Records excerpted from a collection ▸
"""
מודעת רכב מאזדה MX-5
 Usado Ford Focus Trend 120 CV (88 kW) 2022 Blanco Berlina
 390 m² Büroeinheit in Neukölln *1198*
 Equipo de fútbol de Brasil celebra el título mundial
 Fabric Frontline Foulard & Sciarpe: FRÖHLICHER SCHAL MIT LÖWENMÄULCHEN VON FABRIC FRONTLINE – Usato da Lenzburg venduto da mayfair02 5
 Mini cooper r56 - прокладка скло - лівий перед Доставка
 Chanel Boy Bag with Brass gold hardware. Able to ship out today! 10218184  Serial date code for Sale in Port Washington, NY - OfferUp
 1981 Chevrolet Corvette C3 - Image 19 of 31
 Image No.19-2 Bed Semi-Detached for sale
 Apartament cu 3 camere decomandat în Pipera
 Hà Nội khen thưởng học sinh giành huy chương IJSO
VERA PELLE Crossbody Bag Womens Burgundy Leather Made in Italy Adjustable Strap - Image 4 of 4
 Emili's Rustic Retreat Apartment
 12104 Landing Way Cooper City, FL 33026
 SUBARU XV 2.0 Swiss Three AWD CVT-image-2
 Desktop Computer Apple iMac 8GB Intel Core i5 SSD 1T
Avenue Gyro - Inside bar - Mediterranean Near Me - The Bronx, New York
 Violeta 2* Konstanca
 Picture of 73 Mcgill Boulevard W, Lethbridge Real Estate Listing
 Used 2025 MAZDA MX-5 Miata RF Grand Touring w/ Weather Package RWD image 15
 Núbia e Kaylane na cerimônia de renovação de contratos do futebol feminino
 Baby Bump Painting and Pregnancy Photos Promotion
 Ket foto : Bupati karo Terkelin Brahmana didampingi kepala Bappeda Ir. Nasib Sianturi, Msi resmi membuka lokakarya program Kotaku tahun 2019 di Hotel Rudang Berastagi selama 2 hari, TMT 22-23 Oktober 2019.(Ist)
"""
Go to the line with "Usado Ford Focus" in the entries above and repeat every line from there through the line with "Used 2025 MAZDA", exactly and with no other text.

 Usado Ford Focus Trend 120 CV (88 kW) 2022 Blanco Berlina
 390 m² Büroeinheit in Neukölln *1198*
 Equipo de fútbol de Brasil celebra el título mundial
 Fabric Frontline Foulard & Sciarpe: FRÖHLICHER SCHAL MIT LÖWENMÄULCHEN VON FABRIC FRONTLINE – Usato da Lenzburg venduto da mayfair02 5
 Mini cooper r56 - прокладка скло - лівий перед Доставка
 Chanel Boy Bag with Brass gold hardware. Able to ship out today! 10218184  Serial date code for Sale in Port Washington, NY - OfferUp
 1981 Chevrolet Corvette C3 - Image 19 of 31
 Image No.19-2 Bed Semi-Detached for sale
 Apartament cu 3 camere decomandat în Pipera
 Hà Nội khen thưởng học sinh giành huy chương IJSO
VERA PELLE Crossbody Bag Womens Burgundy Leather Made in Italy Adjustable Strap - Image 4 of 4
 Emili's Rustic Retreat Apartment
 12104 Landing Way Cooper City, FL 33026
 SUBARU XV 2.0 Swiss Three AWD CVT-image-2
 Desktop Computer Apple iMac 8GB Intel Core i5 SSD 1T
Avenue Gyro - Inside bar - Mediterranean Near Me - The Bronx, New York
 Violeta 2* Konstanca
 Picture of 73 Mcgill Boulevard W, Lethbridge Real Estate Listing
 Used 2025 MAZDA MX-5 Miata RF Grand Touring w/ Weather Package RWD image 15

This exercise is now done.